Ainsi, les réductions des émissions industrielles de la dernière décennie résultent de la mise en œuvre des solutions les plus faciles. Pour atteindre les ambitieux objectifs du paquet « Fit for 55 », le secteur de l'électricité ne sera donc pas le seul à devoir poursuivre sa décarbonation. Les industries manufacturières devront elles aussi entamer une décarbonation en profondeur. Pour abaisser les émissions globales, les entreprises peuvent s'efforcer de devenir plus efficaces s’agissant de leurs émissions, ou les moins performantes peuvent se rétracter et laisser le marché aux entreprises plus efficaces en la matière. Ces concepts d'innovation vs réallocation des ressources sont bien connus pour leur contribution à la croissance globale de la productivité. Cependant, le débat sur la décarbonation de l'économie se concentre sur les nouvelles technologies plutôt que sur la pleine exploitation du potentiel des technologies existantes.

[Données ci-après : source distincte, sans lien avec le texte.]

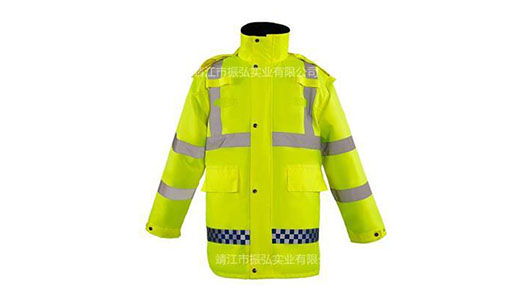 反光雨衣的保養(yǎng)，你真的了解嗎？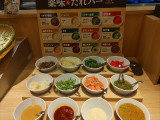 しゃぶ菜 豚ロースコースの実食写真（なんやかんやさん）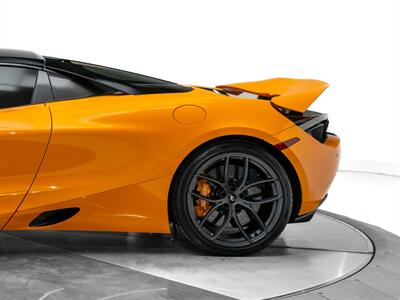 2020 McLaren 720S Spider   - Photo 101 - Nashville, TN 37217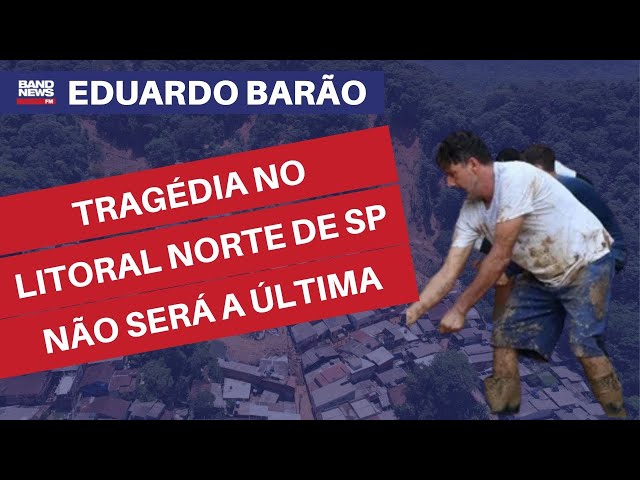 Trag Dia No Litoral Norte De S O Paulo N O Ser A Ltima No Brasil Sul Bahia Agora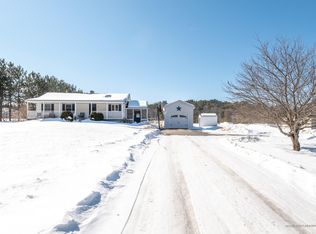 146 Greenwood Rd, Norway, ME 04268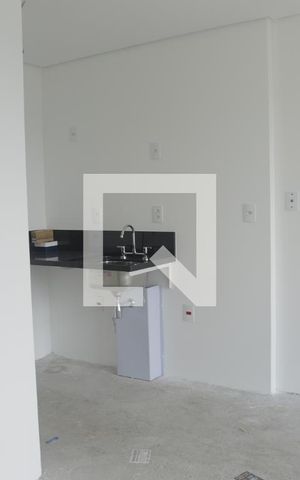 Studio à venda com 25m², 0 quarto e sem vagaStudio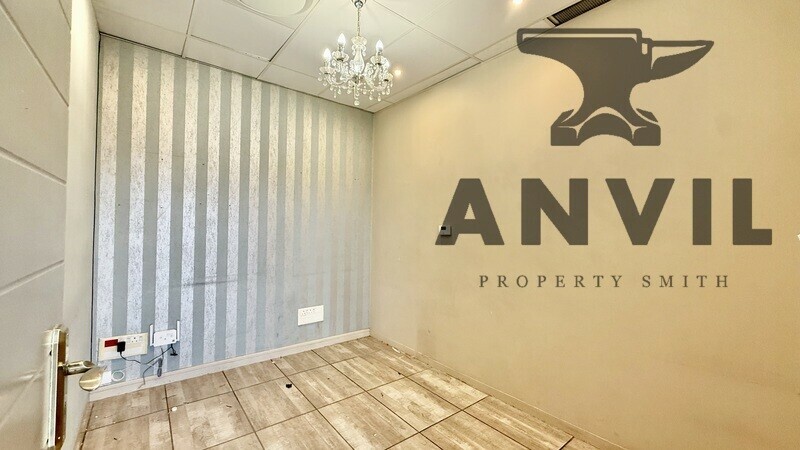 Corobay Corner Block B, Menlyn, Pretoria - Block B - FF Unit A property image 17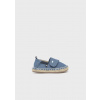 Espadrilky na suchý zips Mayoral - 2541684010-v ext. sklade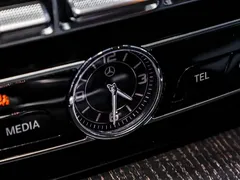 2023 Mercedes-Benz G-Class G 350, белый — фото 15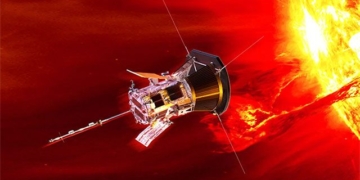 nasa sets goal to reach the sun by 2024 131942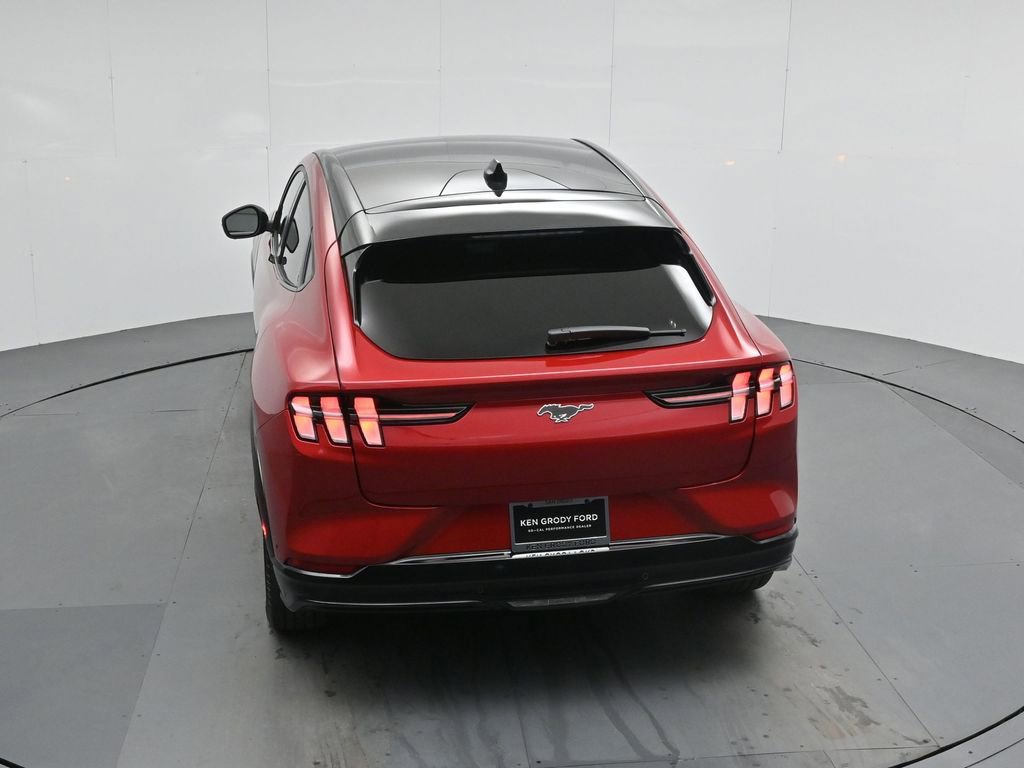 Certified 2023 Ford Mustang Mach-E Premium image 48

Une analyse des facteurs sous-jacents à l'évolution de l'intensité des émissions des industries manufacturières est également avancée et relève que, dans le passé, la production ne s'est pas déplacée vers les entreprises les plus efficaces en termes d'émissions de GES. La contribution de l'innovation a été mitigée. Elle a été positive pour la chimie, par exemple, mais négative pour l'industrie métallurgique. La croissance des entreprises est toutefois allée de pair avec une amélioration de l'efficacité des émissions de GES.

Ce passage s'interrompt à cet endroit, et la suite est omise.